Aggregation of the alpha-synuclein (α-synuclein) protein – a hallmark of Parkinson’s disease – may be influenced by salt levels within neurons, according to results of a new study. Researchers expect these findings may bring insight into the pathology of Parkinson’s disease and other protein aggregation-related diseases.

Results of the study, “Evidence For Intramolecular Antiparallel Beta-Sheet Structure In Alpha-Synuclein Fibrils From A Combination Of Two-Dimensional Infrared Spectroscopy And Atomic Force Microscopy” were published in the journal Scientific Reports.

Alpha-synuclein is an intrinsically disordered protein that is associated with the development of Parkinson’s disease by aggregating into amyloid fibrils. The formation of these structures within neurons blocks their proper activity and may lead to neuronal death. In fact, amyloid fibrils are involved in the development of nearly 50 other diseases, including Alzheimer’s disease and type 2 diabetes.

“Elucidation of the molecular details of the [α-synuclein] fibril structure is essential to understanding the mechanism of self-assembly of [α-synuclein] into fibrils, which is thought to play a role in the pathogenesis of [Parkinson’s disease],” researchers wrote.
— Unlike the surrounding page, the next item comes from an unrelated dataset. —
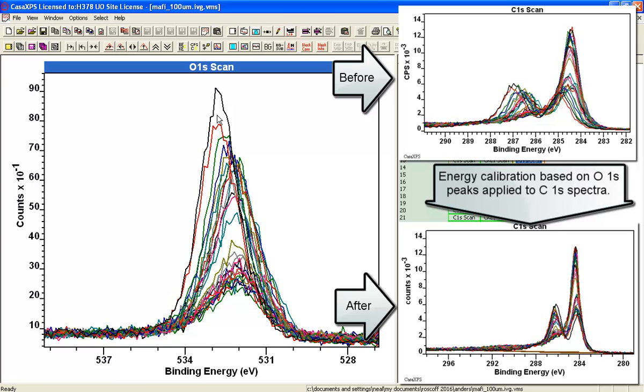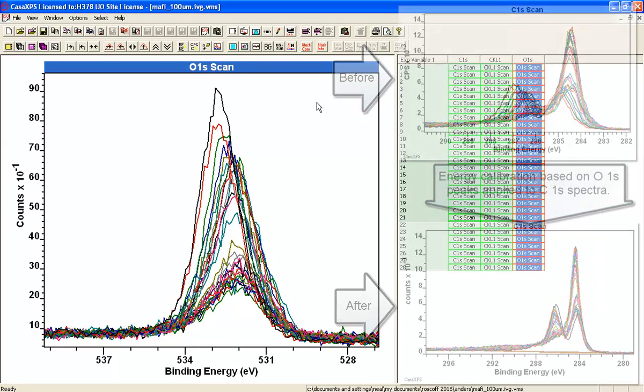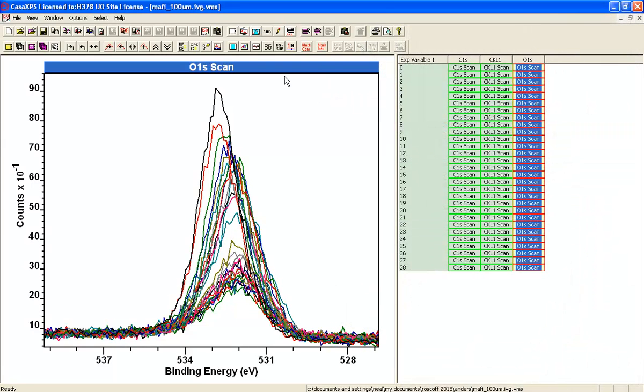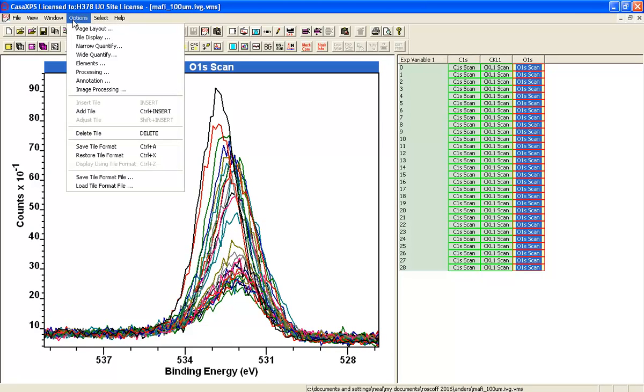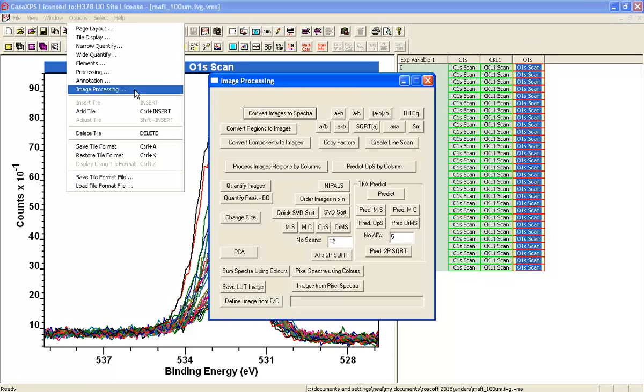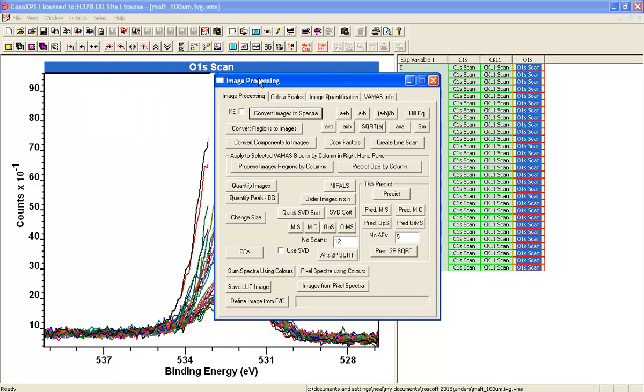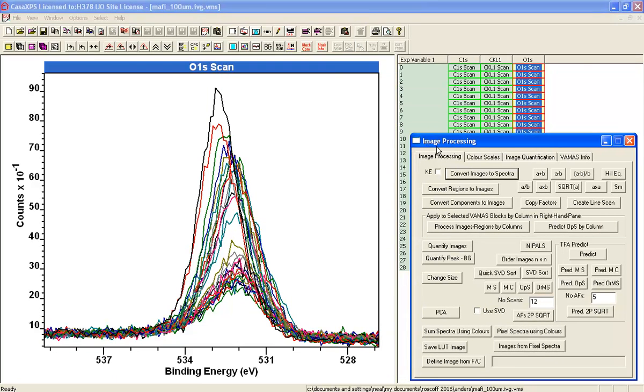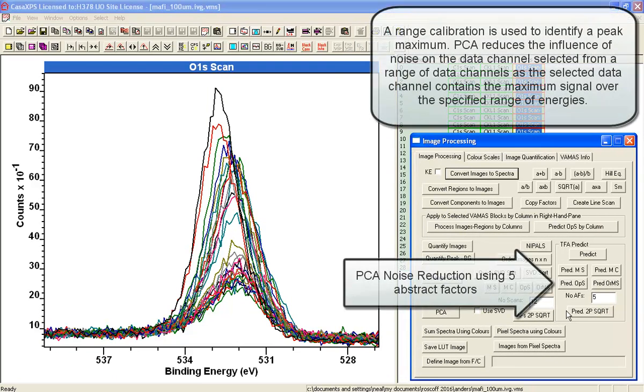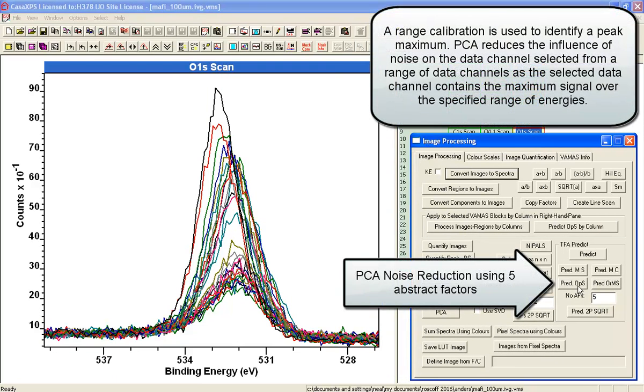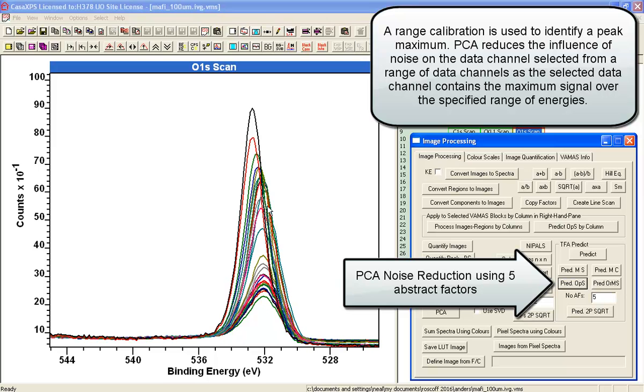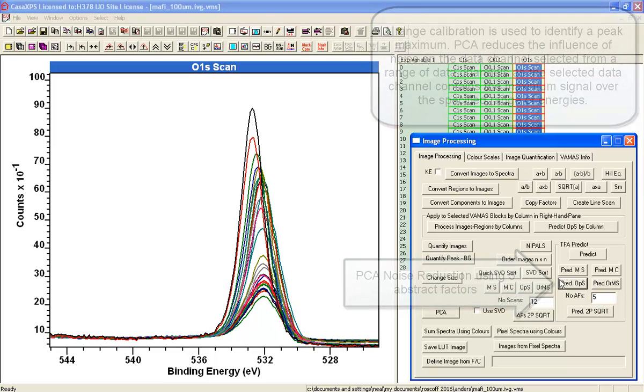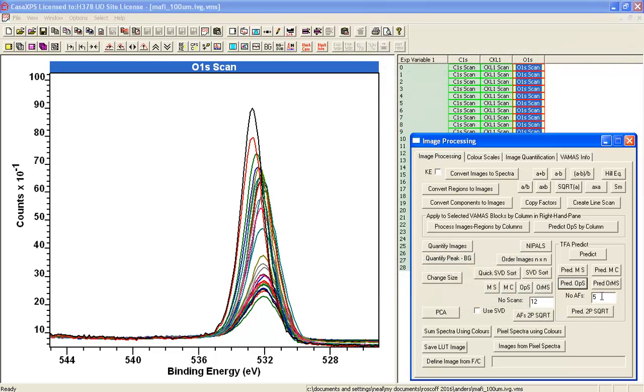If we assume that these peaks actually align in binding energy, then the first thing we need to do is try and define the peak maximum as best we can. One way of doing this is to perform a PCA on these oxygen 1s and use a limited number of abstract factors to reproduce the data. You can see that the peak maxima are now quite well defined.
To study the molecular conformation of these fibrils, researchers used a combination of modern laboratory techniques and showed that the presence of salt in the cells’ environment greatly influences how α-synuclein fibrils are arranged.

When salt levels are low, the molecular structure of the protein remains stabilized, but when salt is present, the protein’s conformation unfolds, exposing a region that repels water. To decrease this exposure, the unfolded protein tends to aggregate with other protein units, leading to the fibrils’ formation.

“Our finding that even small variations in [salt levels] can result in very different fibril structures could have significant physiological implications,” researchers wrote. “The high sensitivity of [α-synuclein] to the aggregation conditions might contribute to the relatively frequent occurrence of contradicting findings in this field. The mechanism proposed here should also be relevant for other amyloid forming proteins, since changes in [salt levels] are known to affect the kinetics and structure of other amyloid forming proteins as well.”

Parkinson’s disease develops when α-synuclein abnormally aggregates in neurons. In healthy neurons, this protein helps maintain the proper signaling and communication between neurons. In Parkinson’s, however, α-synuclein aggregates, which disrupts neuronal communication and leads to movement deficiencies.